PROBLEM REQUIREMENTS:
Restate word for word the lines below, from the one containing "Colt Cowls High" through the final line, with no pictures included.

(Captioned web image data)

========================================================================

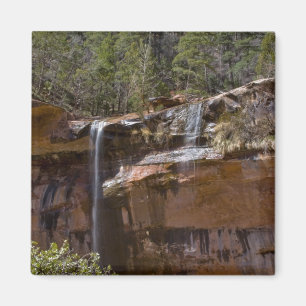 USA, Utah, Zion-Nationalpark, Wasserfälle an Magnet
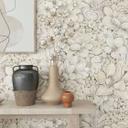 non-woven tapet greige blomstret til stue soveværelse tapet marburg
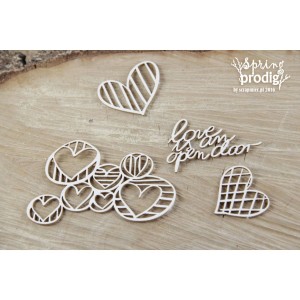 Tekturka Serca Spring Prodigy Scrapiniec 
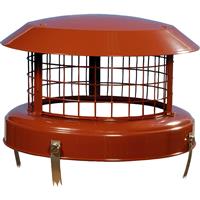 Colt Cowls High Top Bird Guard Solid Fuel in Terracotta Aluminium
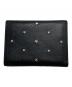 JIMMY CHOO (ジミーチュウ) スタースタッズ3つ折り財布 ブラック：10000円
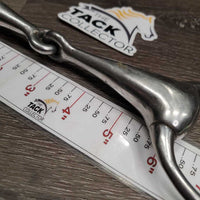 Hollow Eggbutt Snaffle Bit *gc, clean, dent, residue, scuffs
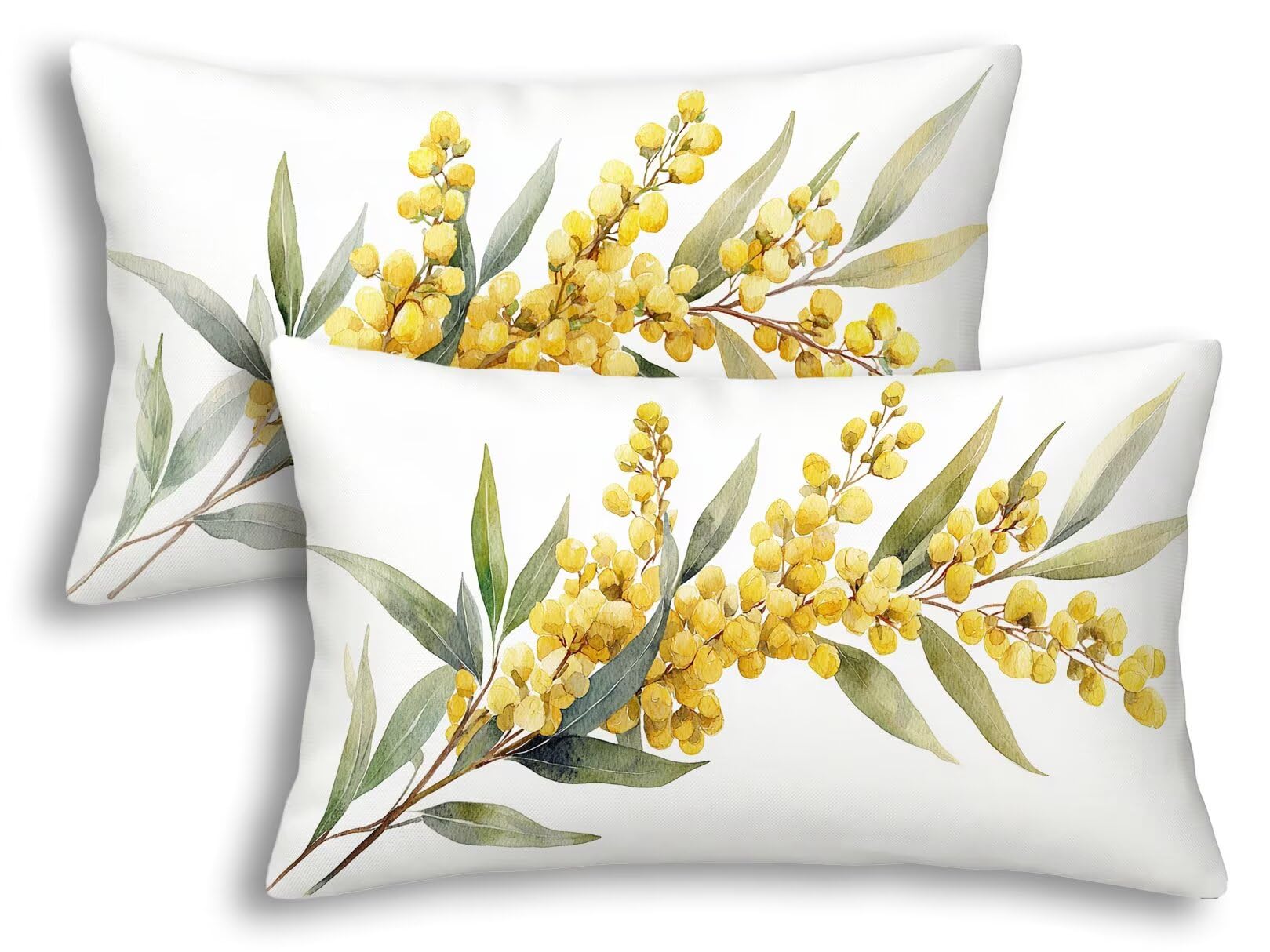 Housse de coussin fleur 40x60 en velours pour raviver un canapé fatigué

========================================================================

YOUR SOLUTION:
 Colt Cowls High Top Bird Guard Solid Fuel in Terracotta Aluminium
 JIMMY CHOO (ジミーチュウ) スタースタッズ3つ折り財布 ブラック：10000円
 Hollow Eggbutt Snaffle Bit *gc, clean, dent, residue, scuffs
 Housse de coussin fleur 40x60 en velours pour raviver un canapé fatigué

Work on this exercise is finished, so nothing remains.